**DATA SHOWN:**
-----

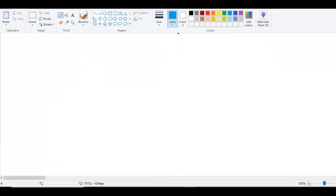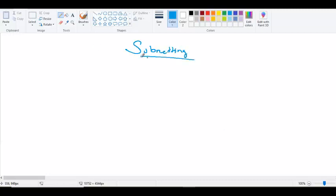We are getting into the new subject for the day: subnetting. What is subnetting? When we have a big network, it will be difficult for us to manage. So we want to divide that big network into small networks for our convenience.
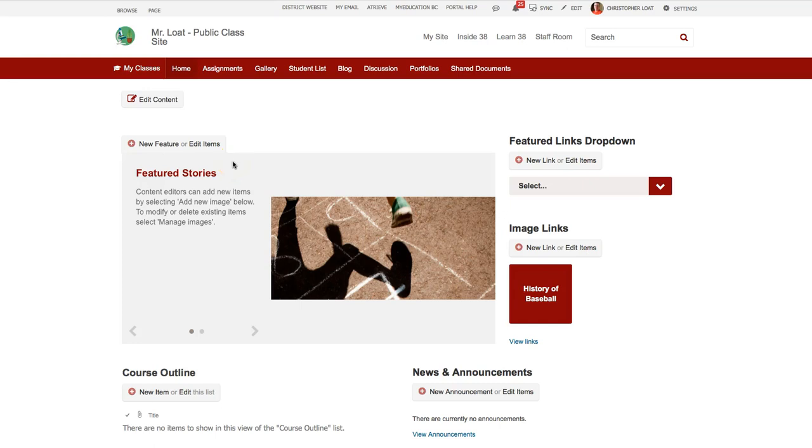Hey everybody, it's Chris Lote here, and in this screencast I'm going to share with you a little bit of a glitch that happens when editing a web page on the Scalantis class website.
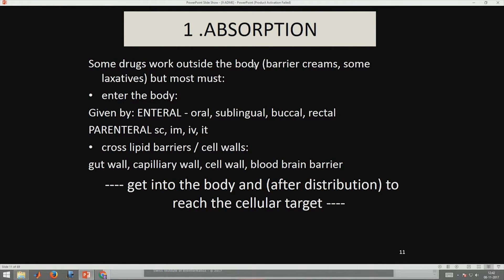Regarding absorption: some drugs work outside the body like creams and laxatives, while others enter via enteral routes (oral, sublingual) or parenteral routes (subcutaneous, intramuscular). They have to cross lipid barriers, cell walls, gut walls, capillary walls, and the blood-brain barrier, so there are many diffusion limitations. Then they get into the body and distribute to reach their target.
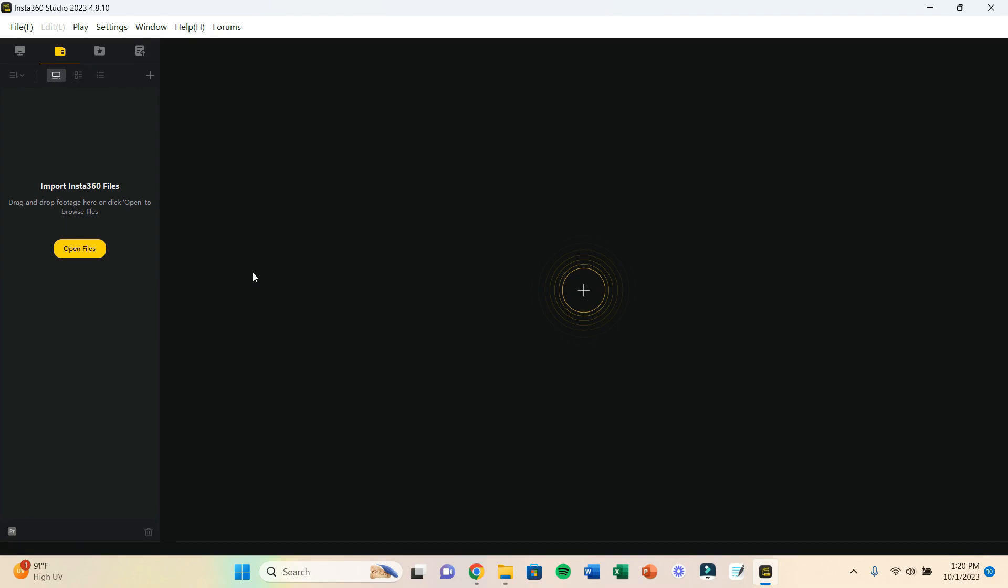So first things first, when you're troubleshooting you want to make sure that you are on the latest version of Insta360 Studio, which I am at the time of this recording. That is always going to be your first step when it comes to troubleshooting. If you have already made sure you have the latest version and it's still not working with sound, then let me tell you what you're probably doing wrong and I'll show you the quick fix that I have.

-----

The line containing "Regarding absorption: some" and every line after it, up to the last line of the data, should be returned exactly, without the pictures.

Regarding absorption: some drugs work outside the body like creams and laxatives, while others enter via enteral routes (oral, sublingual) or parenteral routes (subcutaneous, intramuscular). They have to cross lipid barriers, cell walls, gut walls, capillary walls, and the blood-brain barrier, so there are many diffusion limitations. Then they get into the body and distribute to reach their target.
So first things first, when you're troubleshooting you want to make sure that you are on the latest version of Insta360 Studio, which I am at the time of this recording. That is always going to be your first step when it comes to troubleshooting. If you have already made sure you have the latest version and it's still not working with sound, then let me tell you what you're probably doing wrong and I'll show you the quick fix that I have.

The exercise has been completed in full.